A sub-sample of feed offered, refusal feed and faces were analyzed for DM, ash and OM contents following the procedure of AOAC (1990). The nitrogen content was estimated according to the micro-Kjeldahl method (AOAC 1990) and CP was calculated as Nitrogen * 6.25. Organic matter content was calculated as 100 minus ash percentage. Neutral detergent fibers (NDF), acid detergent fiber (ADF), acid detergent lignin (ADL) were determined based on the procedures of Van Soest and Robertson (1985).

Data analysis

The data obtained on feed intake, digestibility coefficient and weight gain were subjected to analysis of variance (ANOVA) using the SAS software package (SAS 2011). The difference between treatments means was separated by using least significant difference (LSD) test. The ANOVA model used for the data analysis was:

Yij = µ +Ti + Bj +Eij

Where Yij = Response variable, µ = Overall mean, Ti = Treatment effect, Bj = Block effect and E ij = Random error

Results and discussion

Chemical composition of the feed

Chemical analysis of feed samples is shown in Table 1. The CP content of dried Vernonia amygdalina leaf is doubles that of khat (Chata edulis) leftover. On the other hand the NDF, ADF and ADL values for the two diets appeared to be comparable. The slight decrease in CP content and increase in NDF, ADF and ADL values in the refusal of the basal diet as compared to the offered indicate selectivity of animals to khat leftover.

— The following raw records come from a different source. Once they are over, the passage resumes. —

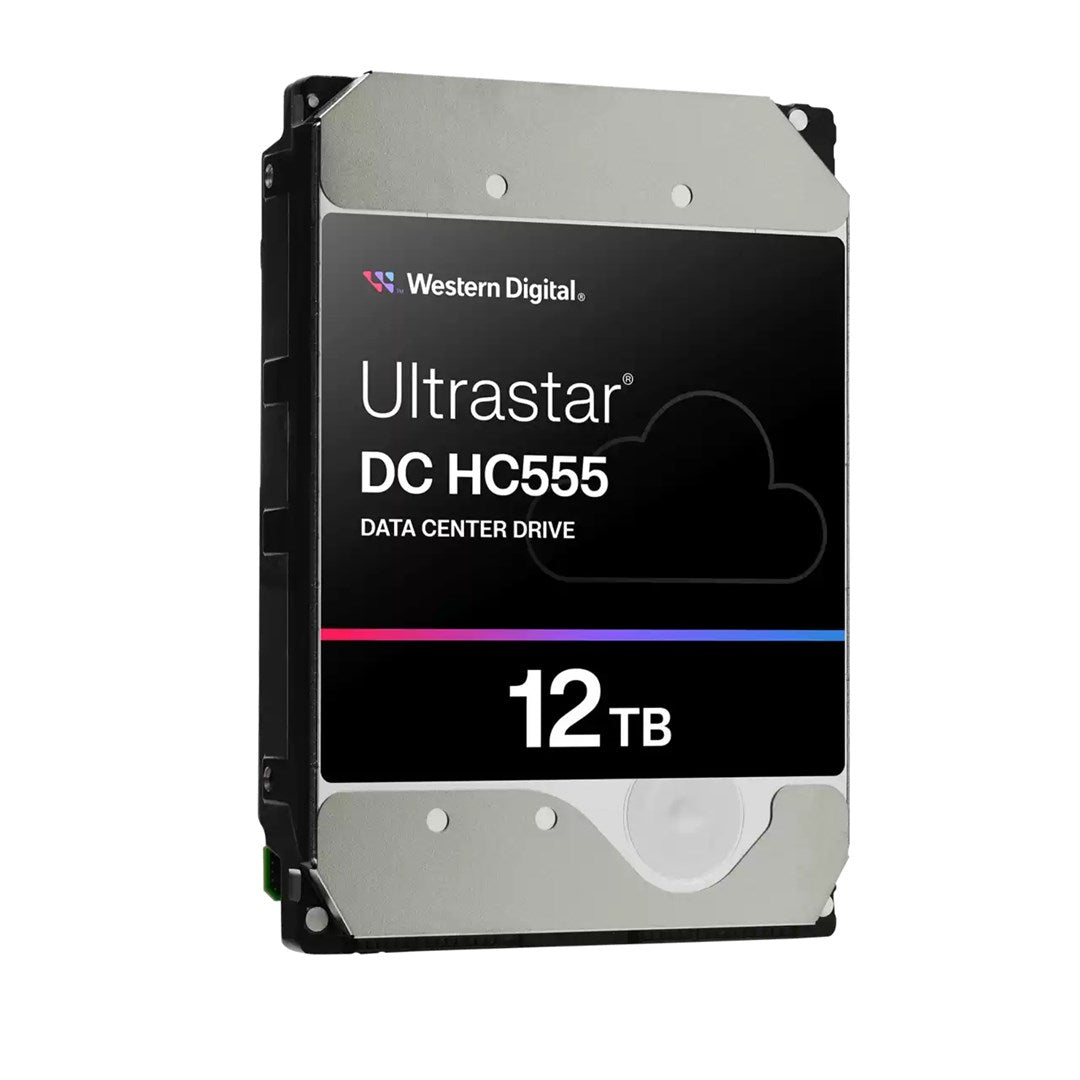 14db416e4af8a8802ddf9be37e3cdbc8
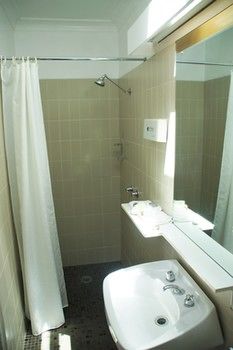 Econo Lodge Tamworth - Accommodation Melbourne 18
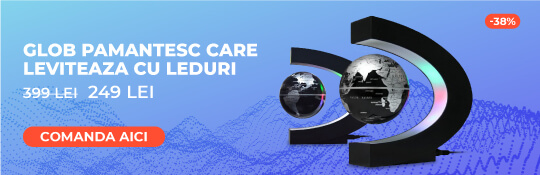 Baner Homepage jos 2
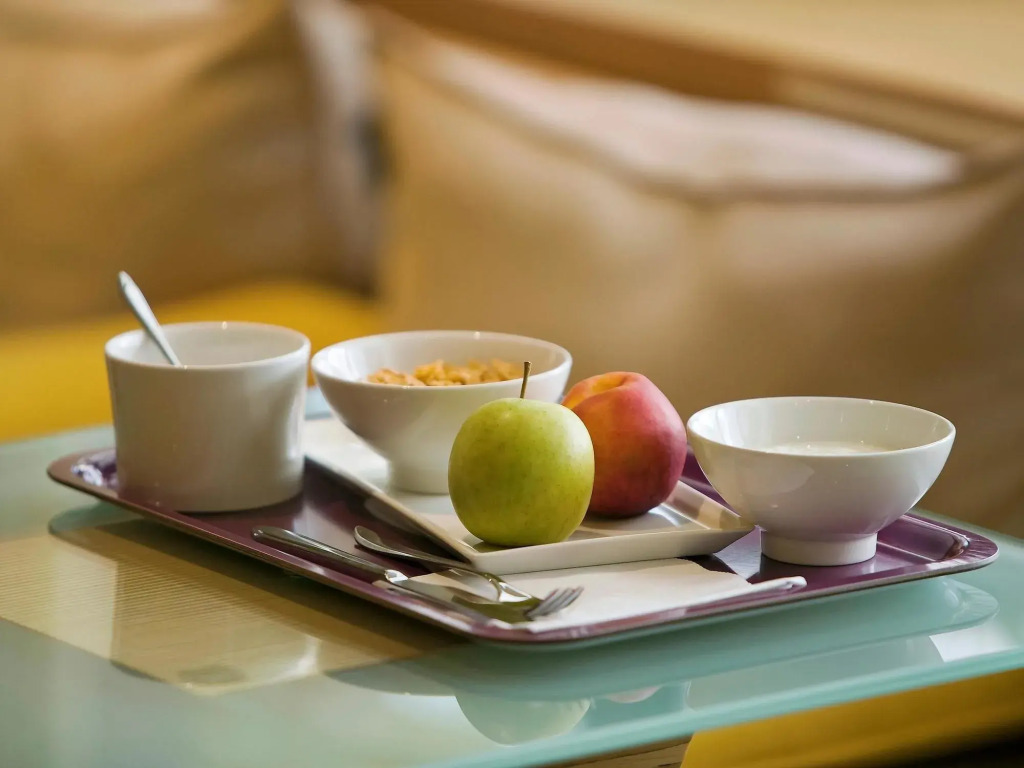 ibis Paris Creteil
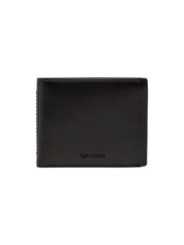 Brieftaschen Calvin Klein - Calvin Klein Portafogli Uomo 90,00 €  | Planet-Deluxe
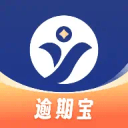 劉德華所有電影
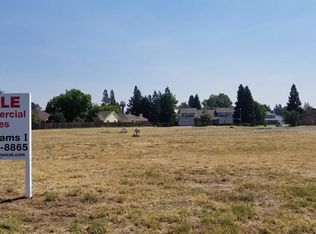 9483 E Stockton Blvd, Elk Grove, CA 95624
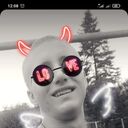 ���������� �������, ���� ����� ������, 22 ����, ������������ ��� ������, ����� � ���������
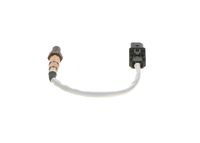 BOSCH 0 281 004 153 - Sonda Lambda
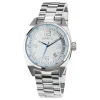 Breil MASTER-ONLY TIME GENT 40 MM New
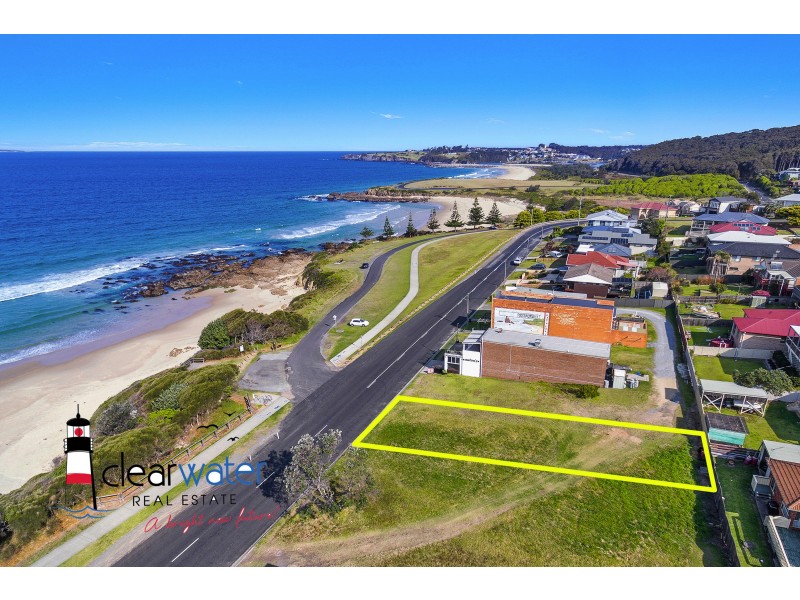 61 Dalmeny Dr, Kianga NSW 2546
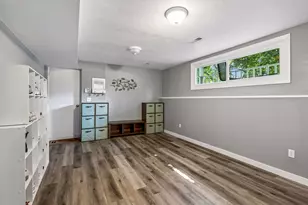 9400 Toledo Ave S, Bloomington, MN 55437 - Photo 38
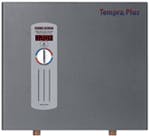 Contractormag Com Sites Contractormag com Files Uploads 2012 05 0612 Products Stiebel Contractormag Com Sites Contractormag com Files Uploads 2012 05 0612 Products Stiebel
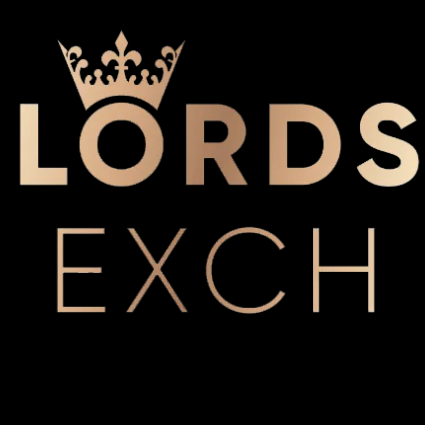 Lords Exchange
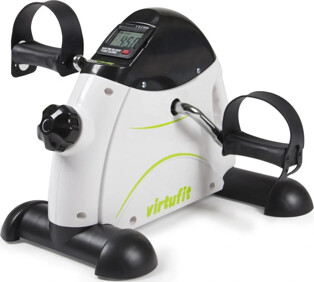 Minibike VIRTUFIT V3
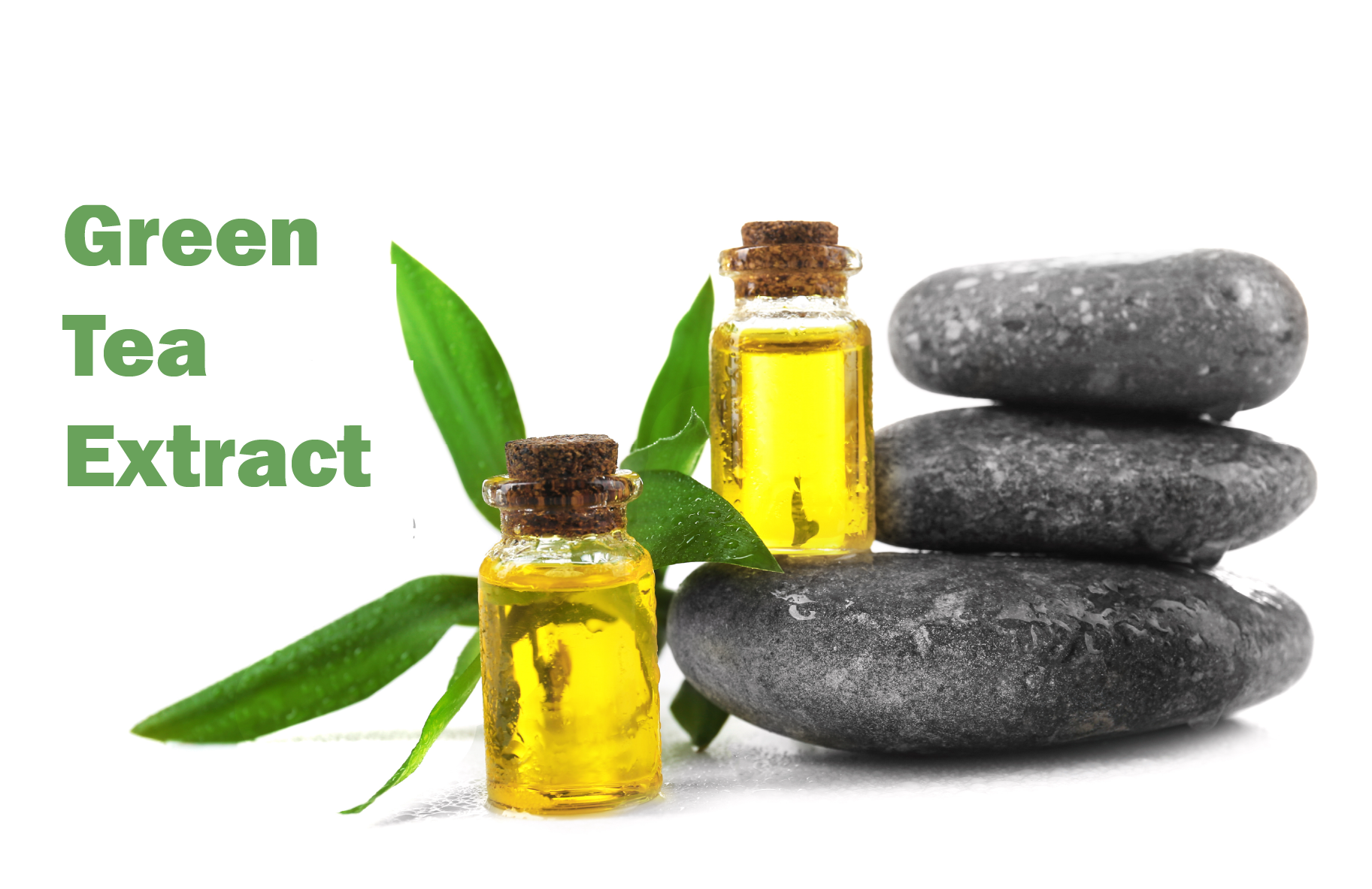 OEM/ODM Clarifying Foaming Cleanser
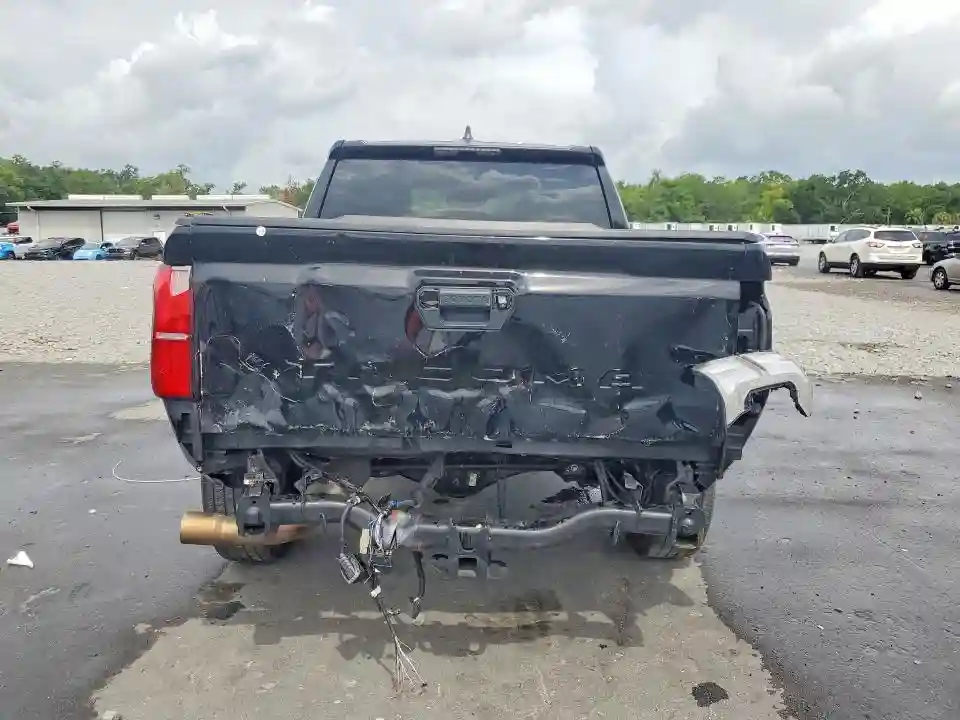 3TYKB5FN8RT001298 2024 TOYOTA TACOMA-5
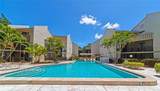 6157 Midnight Pass Road - Photo 52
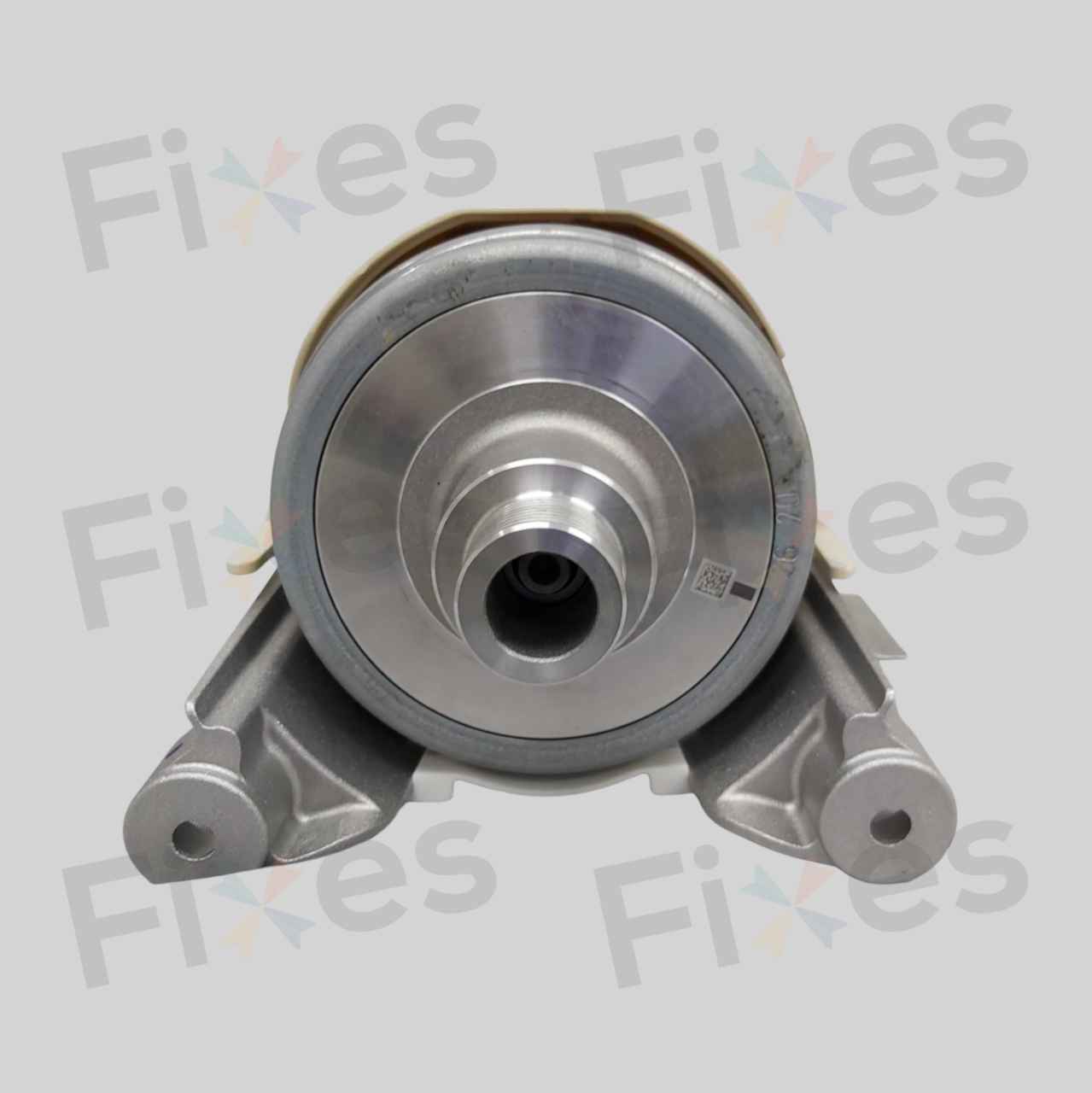 惠而浦洗衣機摩打W030004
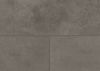 Afbeeldingen van Ter Hürne avatara perform talcusan lock it easy tegel stone Alasco 6mmx38,7x77,6cm (per pak van 8 stuks=2,4m²)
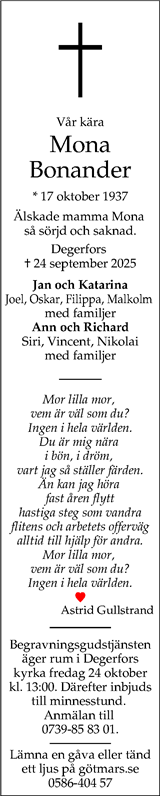 Karlskoga Kuriren,Karlskoga Tidning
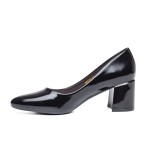 ДАМСКИ ОБУВКИ 525193 BLACK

Table 1. Chemical composition of dried Vernonia amygdalina leaf and khat (Chata edulis) leftover

Chemical Composition (g/kg of DM)







Feed offered















Khat refusal





























DVAL = dried Vernonia amygdalina leaf; DM = dry matter; KH = khat leftover; OM = organic matter; NDF = neutral detergent fiber; ADF = acid detergent fiber; ADL = acid detergent lignin; VA0 = khat leftover + 0 g DVAL; VA200 = khat leftover + 200g DM DVAL; VA300 = khat leftover + 300g DM DVAL; VA400 = khat leftover + 400g DM DVAL

The CP content of dried Vernonia amygdalina leaf in the current study was similar to 221 – 225 g/kg DM (Fajemisin et al 2010; Gezahegn et al 2020). But, greater than 148 and 162.3 g/kg DM reported by Bonsi et al (1995) in Ethiopia and Okoli et al (2003) in South-eastern Nigeria respectively. And also, lower CP value than 240 – 244 g/kg DM reported by (Mekoya et al 2007; Aynalem and Taye 2008).

Neutral detergent fiber (NDF) and ADF content of Vernonia amygdalina leaf in the present study was similar to the report of Aynalem and Taye (2008) and Okoli et al (2003). But, higher value than Bonsi et al (1995) and lower value than Gezahegn et al (2020). The higher CP and fiber content of DVAL in the current analysis indicates that Vernonia amygdalina can be a cheap source of feed that can complement low protein and fiber content energy diet.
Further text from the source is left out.